Nowadays, I’m still rather broke and working my butt off to pay rent, but Colorado is less financially oppressive than New York, so I know I can get another tattoo if I want one. But now it’s been so many years, that I have performance anxiety, and want my tattoo to be The Right One. So we’ll see what happens.
But then, I’ve never been a “tattoo girl,” at the core. However, I am still miffed on behalf of those who are, that they still get looked down upon. I just think that the arguments against tattoos are so circular at best, and illogical at worst.
Your tats may look great now, but what about when they sag when you’re 80?
One Willy Wonka meme answers that better than anything I could say:
How are you going to explain them to your grandchildren?
Well, even though I just have the one, when I got it, I thought that I’d explain to my grandchildren that back when I was 22, despite myriad romantic angstiness with dudes, I had a girlfriend that I loved more than anyone, and branded her into my back.

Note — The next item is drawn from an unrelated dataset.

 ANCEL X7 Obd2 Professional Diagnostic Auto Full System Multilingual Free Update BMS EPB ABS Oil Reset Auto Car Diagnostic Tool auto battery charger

And for others, it’s like, when we’re old enough to have grandchildren, society will have evolved enough where tattoos aren’t some kind of shocking thing.

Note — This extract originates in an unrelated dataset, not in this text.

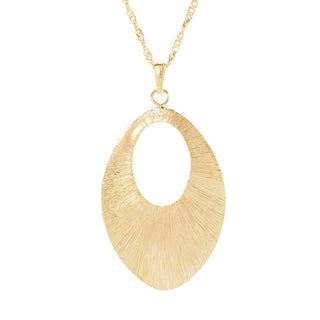 Golden Odyssey 14K Gold Embraced Oval Pendant w/18" Chain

How do you expect anyone to take you seriously when you’re covered in ink?
Well, I think the problem lies more in the sentiment, rather than in the tattoos. Aka, stop being stodgy, non-tattooed people. It is 2012. As with most societies, our crashing economy has led to a renaissance of art. Why wouldn’t people want that art to be on their bodies?
And having grown up in a church and a pretty strict Christian school, I can’t ignore the argument that many believe it is wrong, because it is permanently altering the body that God gave us. But even back in the day when I never thought I’d ever get a tattoo, I thought that the Bible argument was morality cherry picking, because I think I knew maybe three girls in high school who didn’t have pierced ears. And only one of them covered her hair in church. And frankly, the God that I knew then and still hope to know now wouldn’t get butthurt over someone’s wanting to become art incarnate.
I don’t have some neat, sweeping wrap-up and thesis statement. I just wanted to say this.